Foreign Travel and Local Currency

If you’re traveling overseas, chances are you’ll need some money in the local currency as soon as you arrive – for a cab, public transportation or even food. Given the prevalence of ATMs around the world, it is usually as close as the nearest cash machine. If you arrive at a major international destination, your best bet is probably to find an ATM as soon as possible and withdraw some cash in the local currency.

But this may not always be the case. Certain countries have terrible ATM service. Smaller airports, particularly in less developed countries, may not have ATMs at all.

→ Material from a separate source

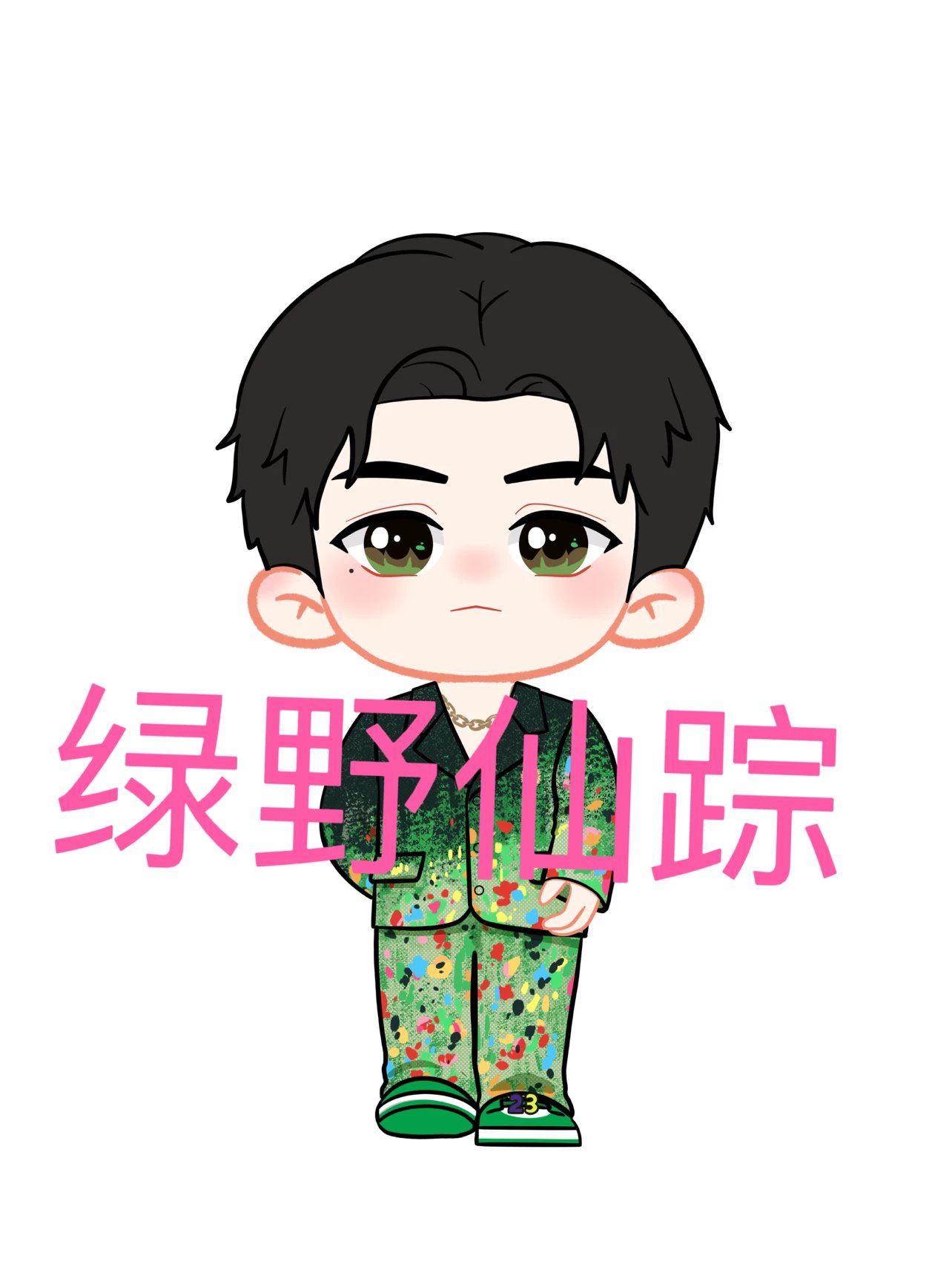 ค่าส่ง 绿野仙踪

And in some instances only a single ATM — and there’s no guarantee that it will be functioning, or that your ATM card will be compatible with it.

So it’s always a good idea to have some local currency on hand even before you leave home. About $100 – $150 in the local currency, depending on the cost of transportation and how soon you can reach an ATM. It is mainly for the convenience factor – as long as you have some currency, you don’t have to worry a lot.

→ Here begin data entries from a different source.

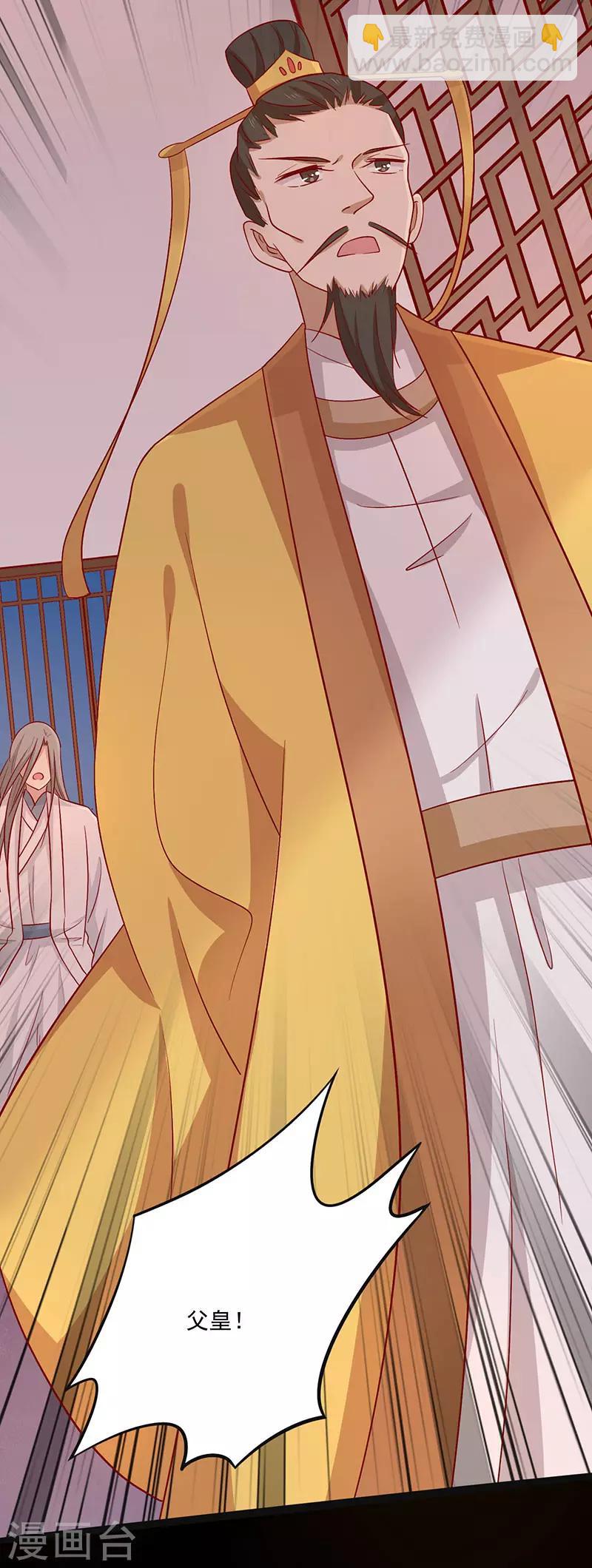 第73话 被求婚！！-第76话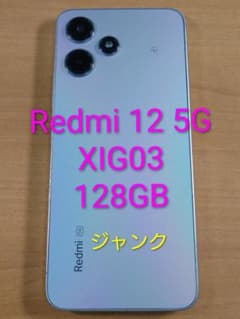 072400A Redmi 12 5G XIG03 128GB - メルカリ
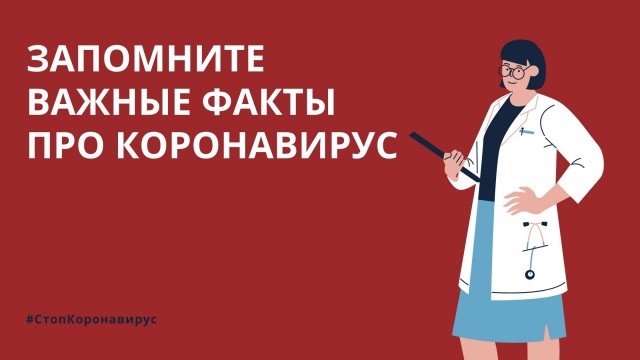 Запомните факты про коронавирус! Запомните факты про коронавирус!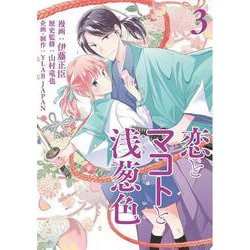 恋とマコトと浅葱色3(LINEコミックス) [コミック]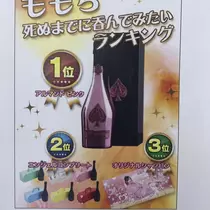 もも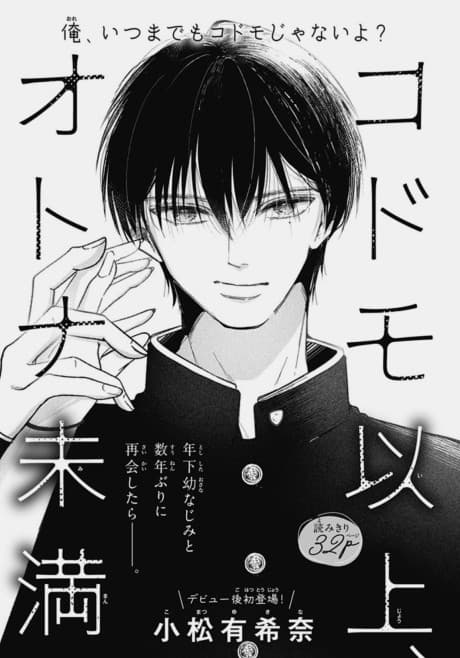 Kodomo Ijou, Otona Miman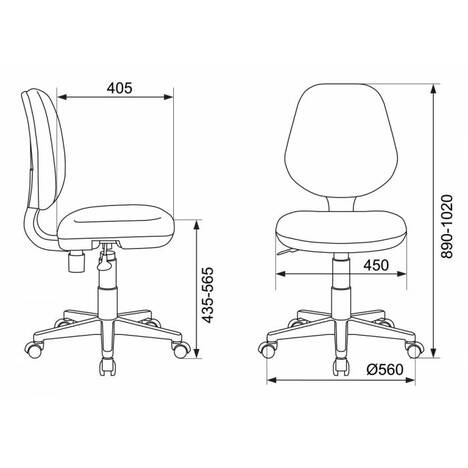 Кресло детское Бюрократ  CH-W213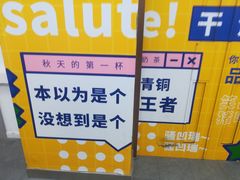 -上海失恋博物馆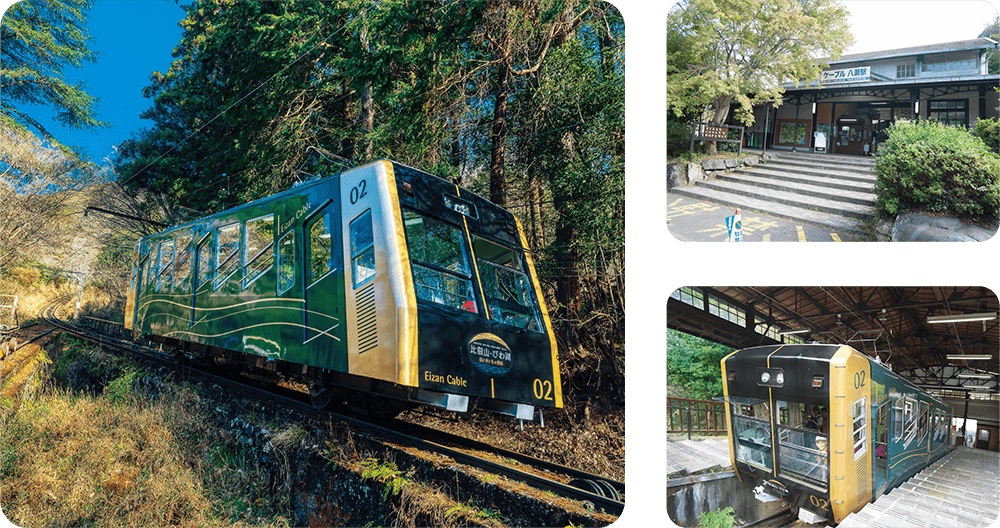 叡山ケーブル「ケーブル八瀬駅」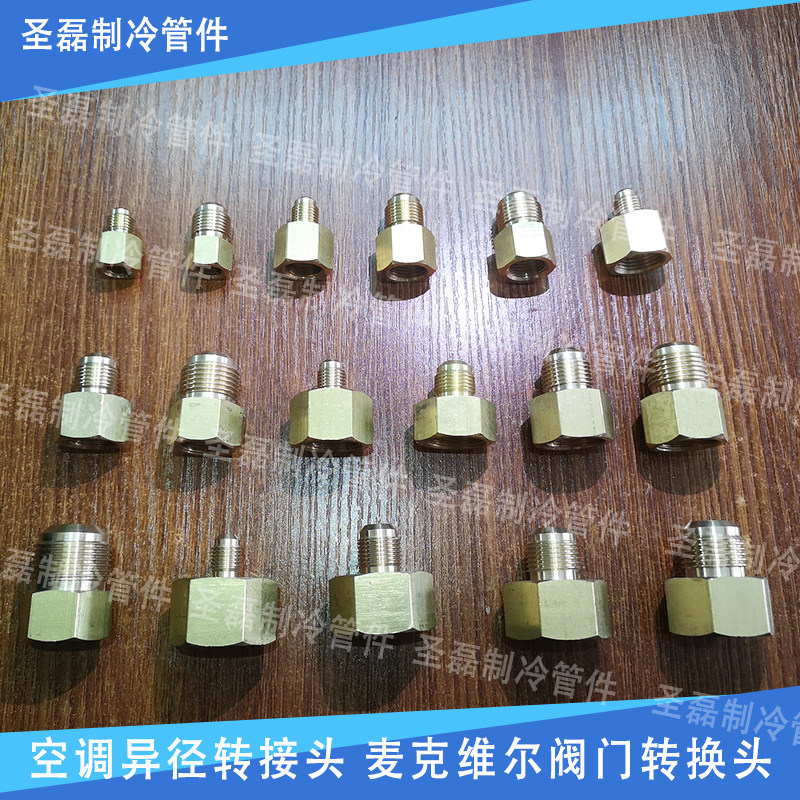 空调异径转接头黄铜变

You can either bring U.S. dollars to use at the airport’s exchange bureau or change your money at a bank before you leave home. Your local bank may also be able to get you foreign currency at a few days’ notice.

Purchasing foreign currency from a US bank or exchange bureau is NOT the most cost-effective option; you’ll be charged a commission, and you won’t get the interbank rate as you would with your ATM or credit card.

You are charged a hefty fee by most banks when you make an ATM withdrawal in a foreign country. You’ll lose money even when you exchange currencies at an exchange counter because of commissions and rate spreads.

Two popular companies that sell you small amounts of foreign currency in the United States are Wells Fargo Foreign Exchange and Travelex. Here too, you will not get the interbank rate as you do with your ATM or credit card.

It’s a good idea to keep some small U.S. bills with you when you’re traveling overseas. They come in handy in case you ever need to exchange a small amount of money, and in some countries, you may get better exchange rates. Some places will also accept payments in USD — Don’t always count on this.

You will inevitably end up with some leftover small change when you leave a country. Some travelers then apply all their remaining foreign currency to their last bills, spending the exact balance. Or wildly spend the rest of their remaining cash on their way out, at the train station or airport.

Some like to hold onto foreign coins and notes as souvenirs. One option you should consider is to donate your leftover money to those in need. The UNICEF’s Change for Good program has made it easy to turn your remaining currency into charity and has raised millions of dollars for needy children around the world.